Downtown Peabody abounds with potential as yet unrealized. And at the start of his second term, Mayor Ted Bettencourt is determined to change the area’s fortunes.
For too many years, Peabody Square’s chief allure has been as an ideal place for TV crews to bring their cameras whenever rain and/or melting snow causes rivers to rise and streets to flood in the region. Rarely has it been the subject of glowing stories of downtown revival like those now routine for places like Newton or Newburyport.
Indeed, the burst of activity New Brothers Deli brought to Peabody Square in the Peter Torigian era quickly flamed out after the popular restaurant’s owners moved their business to the town next door, where it became a key component in Danvers Square’s resurgence.

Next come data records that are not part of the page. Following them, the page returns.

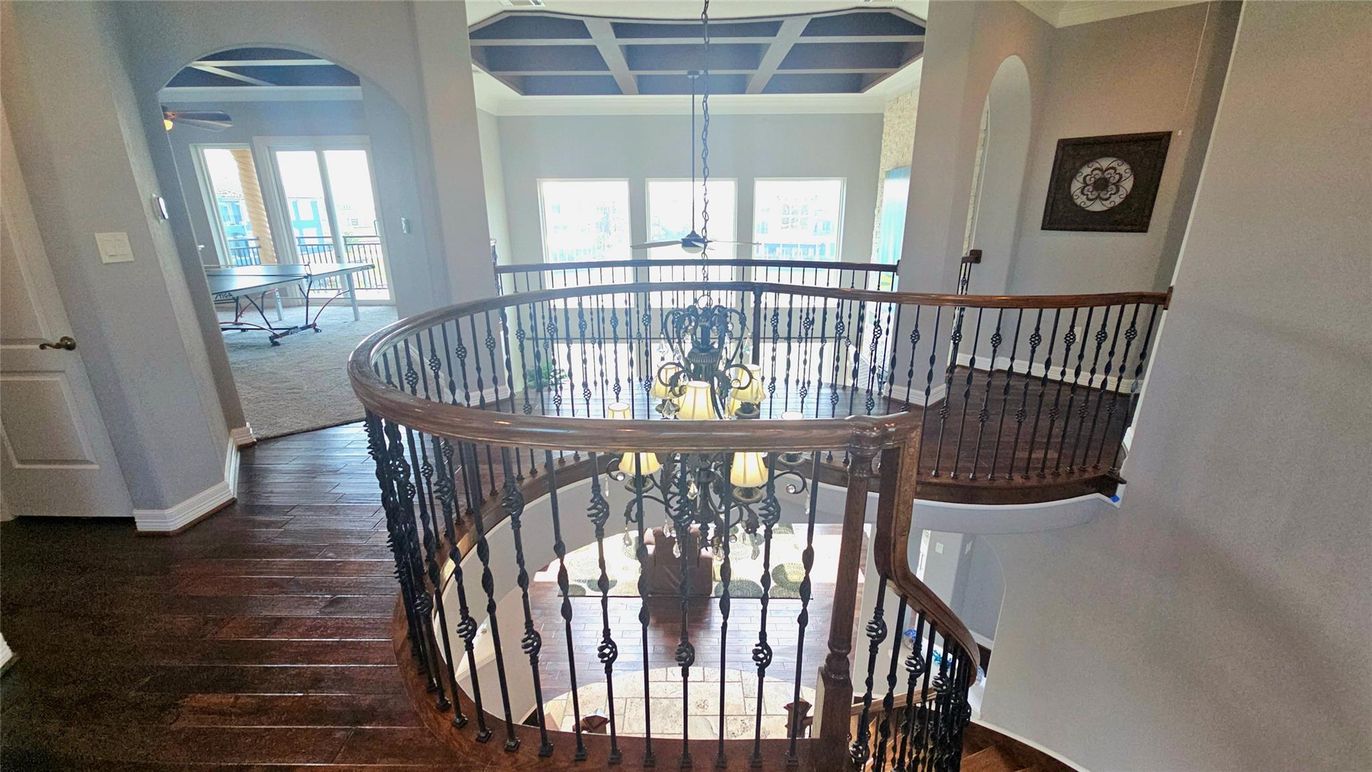 Chandelier, Interior, Wood Texture Flooring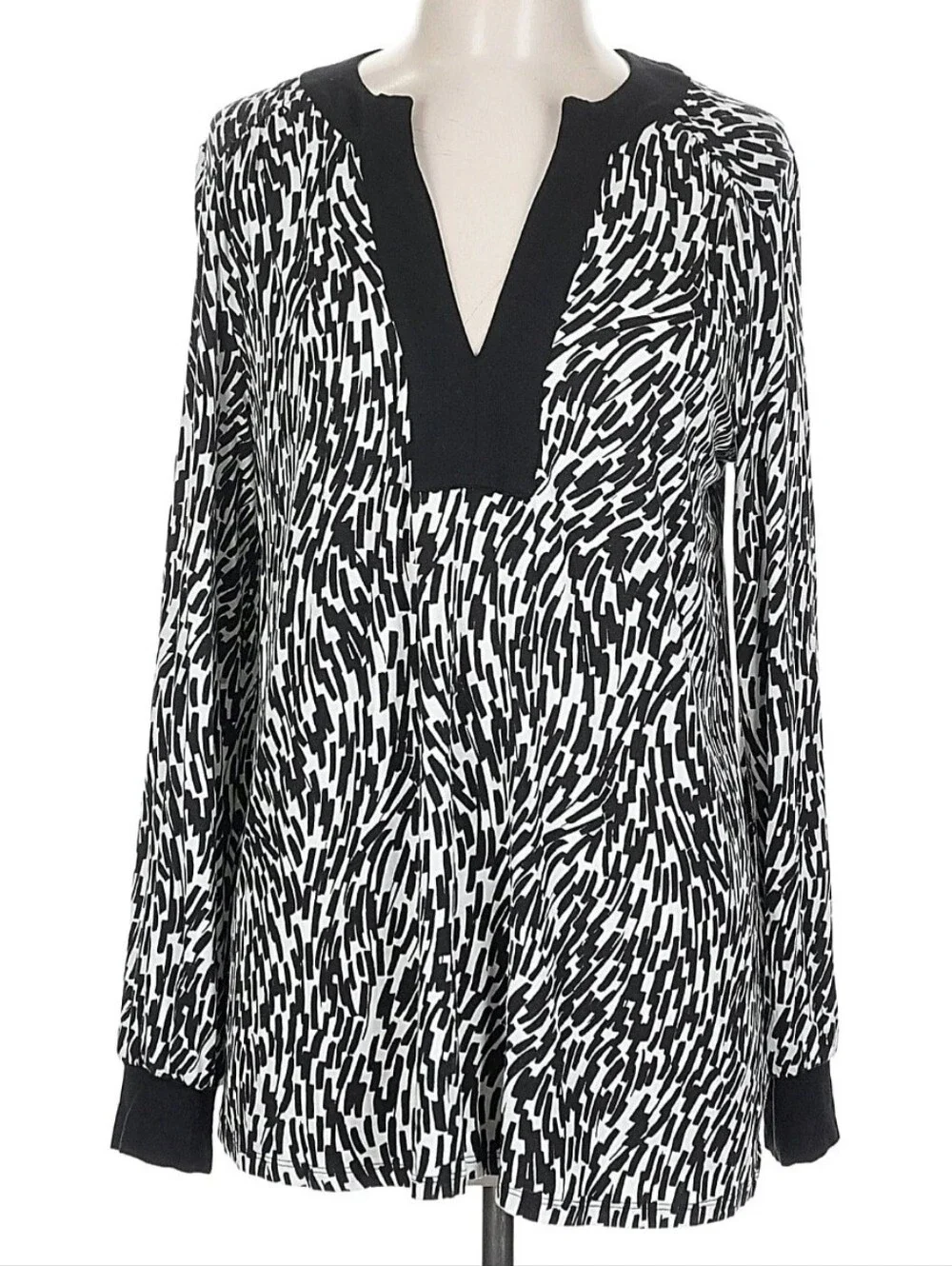 Michael Kors Black & White Abstract Print V-Neck Blouse, Large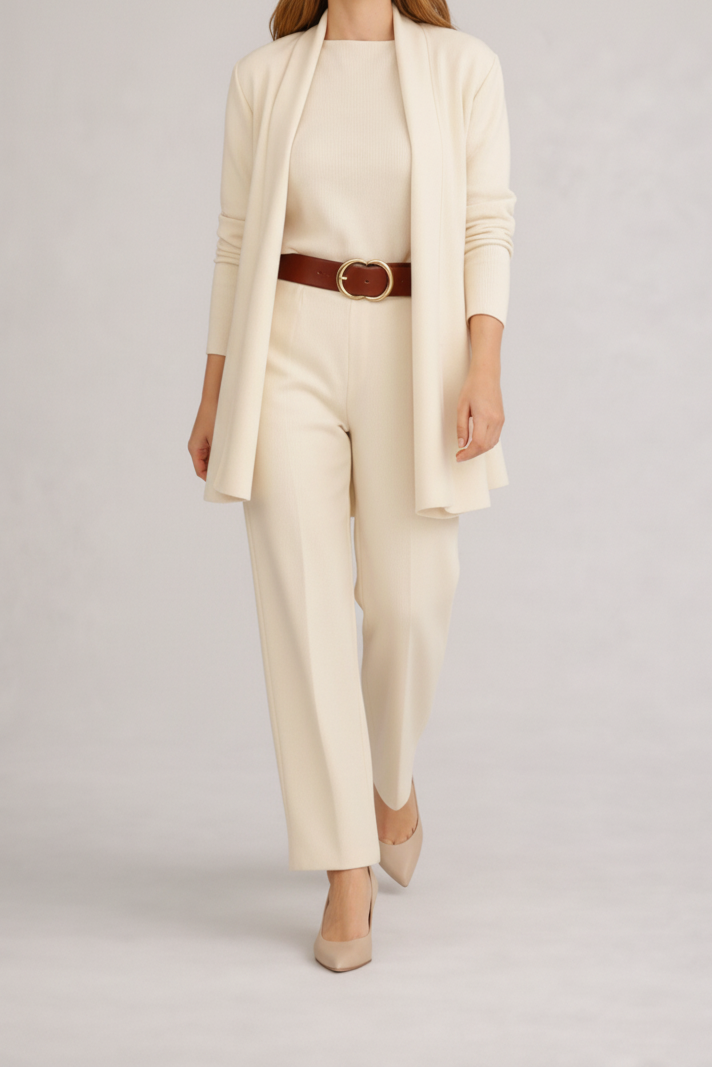 Dreiteiliges Ensemble mit Cardigan, Oberteil und Hose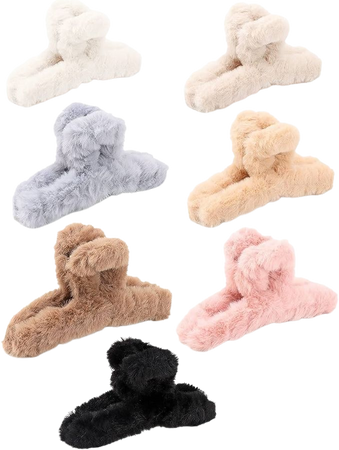 Amazon.com : 7 Pcs Fuzzy Hair Clips for Women,4.5 Inches Large Hair Claw Clips for Thick Hair,90s Accessories for Women,Aesthetic Stuff : Beauty & Personal Care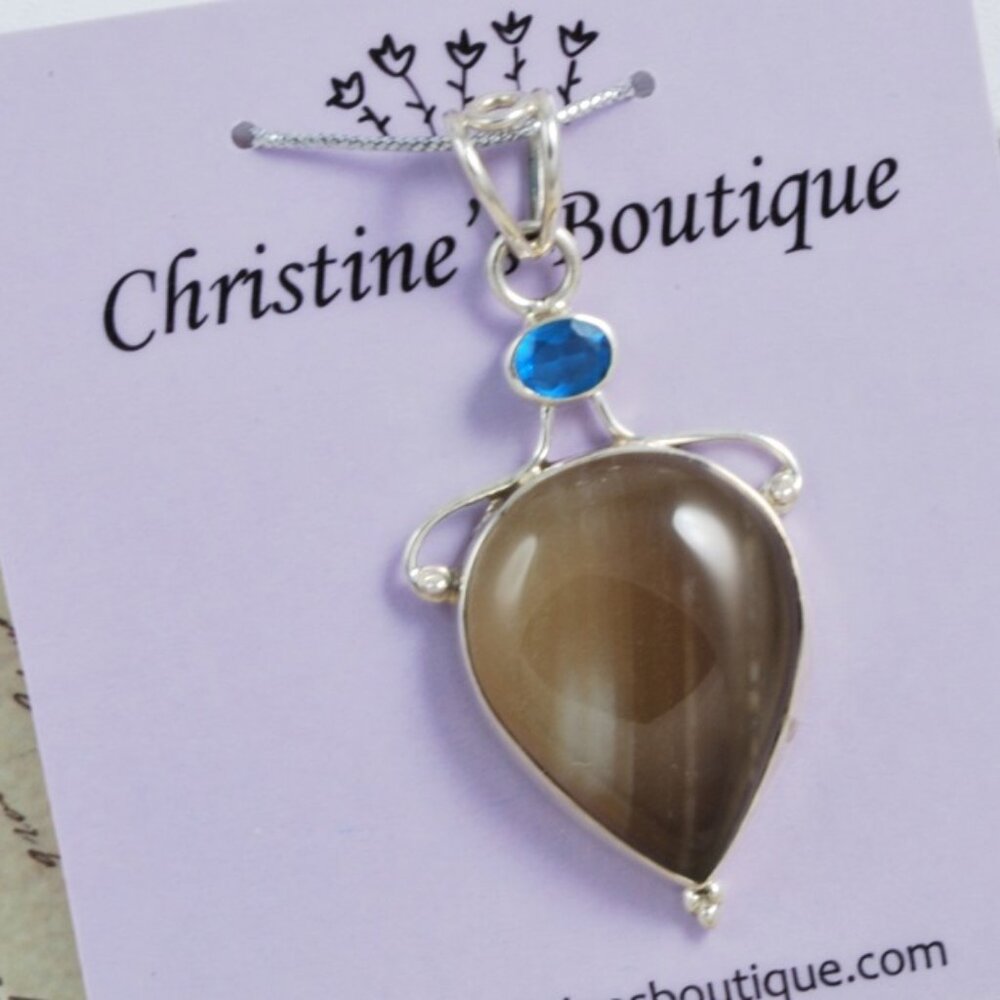 Agate & Aqua Turquoise Quartz Sterling Silver Pendant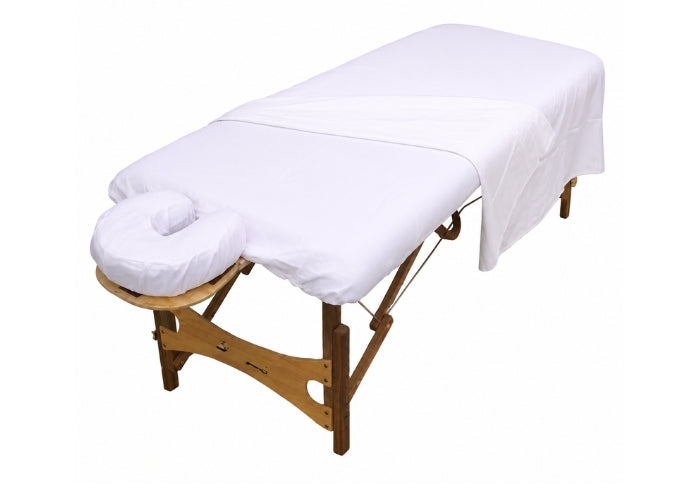 Massage table Sheet Set / Fitted / Flannel /Three Piece WHITE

Rather than lament what was or what might have been, Bettencourt appears determined to take advantage of the initiatives undertaken under predecessors Torigian and Michael Bonfanti to return the square to its historic place as a hub of civic life in Peabody.
Working with his counterpart in Salem, he has pressed forward with efforts to alleviate the flooding problems that occur when streams that flow from South and West Peabody meet the incoming tide from the North River in what was once a mill pond located under the present-day intersection of Central and Main streets. And he insists that the reconfiguration of Main Street from two lanes to one lane in each direction can keep traffic flowing between the highways and downtown Salem, while at the same time making the area safer for pedestrians.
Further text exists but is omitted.